The book also proves to be a historical document, with portraits of people on Route 66 who since have died: Bill Shea, Bob Waldmire, Dixie Lee Evans, Roy Rogers and Dale Evans.

Some places have disappeared or changed:

  • The Illinois Route 66 Hall of Fame and Museum, shown at the Dixie Truckers Home in McLean, since has moved to Pontiac.
  • The Aztec Motel in Albuquerque was razed.
  • Shea’s Route 66 Museum in Springfield closed after its founder’s death, and the station has been repurposed
  • The new owners of the Wigwam Motel in Rialto, California, dispensed with its racy “Do it in a teepee” slogan and greatly improved the property’s look and reputation.
  • M.E. Sprengelmeyer, publisher of the Guadalupe County Communicator in Santa Rosa, New Mexico, recently sold his newspaper.
  • A memorial on a chain-link fence at the Murrah Building terrorism bombing site since has morphed into the more formal Oklahoma City Memorial.
  • Exotic World museum in Helendale, California, moved to Las Vegas.
  • The fiberglass giant at Bunyon’s restaurant in Cicero, Illinois, moved to downtown Atlanta, Illinois.

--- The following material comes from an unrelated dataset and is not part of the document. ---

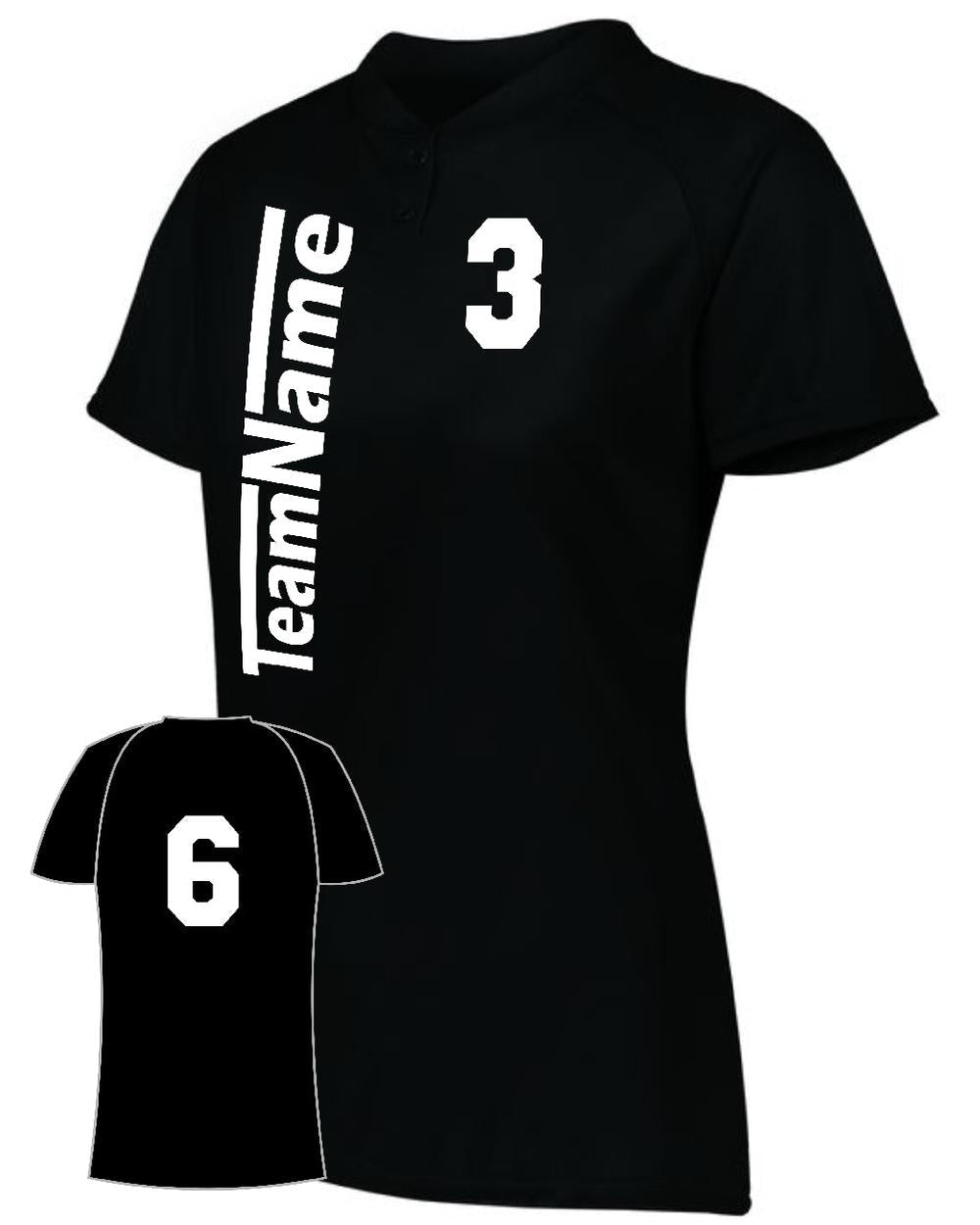 Augusta Women's Attain 2-Button Custom Softball Jersey, color: Black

Unlike many Route 66 travelogues, “Pop 66” takes a west-to-east format. And, for what essentially is a photography book, Pope proves to be an excellent writer. He muses about the Mother Road early:

“Over time, I’ve come to understand that Route 66 is two things. It’s an idea floating around in our culture: a symbol that shows up on bumper stickers and plastered on the walls of kitschy drive-in diners. It’s also a physical place, where you can trace the layers of our history the way a geologist looks at the walls of the Grand Canyon. While some guidebooks consider it a look back at a simpler time, I don’t think Route 66’s past or present is so simple. Yes, Route 66 is pre-interstate highway system, and pre-big media. There are relics of Mom and Pop businesses that have mostly been replaced by chains. But it also traverses plenty of things that are very complicated: our changing attitudes about race, the treatment of Native Americans, the country going to war again and again, the ecological disaster of the Dust Bowl, the story of the Okie Exodusters (my relatives). Today, beyond the souvenir shops, there is something else going on. There is a poverty of the land and a toughness of the people.”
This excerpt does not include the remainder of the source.